The name Douglas means 'Blackstream' (Dubh -black and Glais -stream. Some Manx people believe the name was derived from two rivers, the Dhoo and the Glass, the black and green streams of the Greu river.

==Specifics of the light==
The 12 m high light has two double banked units of twelve lamps mounted facing in opposite directions, rotated by an AGA PRB21 Gearless Drive Unit operating at three revolutions-per-minute, thus giving a flash in any given direction every ten seconds.

Only eight out of the twelve lamps on each face are used in normal operation. They are rated at 30 volts 200 watts, but run at 25 volts 150 watts to provide increased service life. The other four lamps are 6 volts 28.5 watts and are used only as emergency lamps. Such emergencies may be loss of mains electric power or, far less likely, the complete failure of the main lamp banks. The four lamps in each of the two main banks are connected in series, which gives each unit the same intensity; however, if one lamp fails, all four in that bank go out. The four emergency lamps on each face are also connected in series in sets of two. Power is provided by emergency batteries. The emergency light is a 200 mm lantern mounted on the balcony rail.

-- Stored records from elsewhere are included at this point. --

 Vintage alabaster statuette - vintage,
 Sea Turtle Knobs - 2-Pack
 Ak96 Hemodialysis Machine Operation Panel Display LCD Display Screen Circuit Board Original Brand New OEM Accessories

==Monitoring and general conditioning==
Fully automated since 1986, the light is monitored by the Northern Lighthouse Commissioners at their Northern Lighthouse Board Monitoring Centre. Initially after automation, an attendant from the Northern Board would visit the lighthouse on a fortnightly basis to test system procedures and the general physical condition of the building.

However, since September 2004, the Retained Lighthouse Keeper of the Isle of Man has replaced the attendant and visits now on a monthly basis.

In addition, lighthouse technicians visit the Douglas Head Light once or twice annually to modify and update the system equipment if necessary.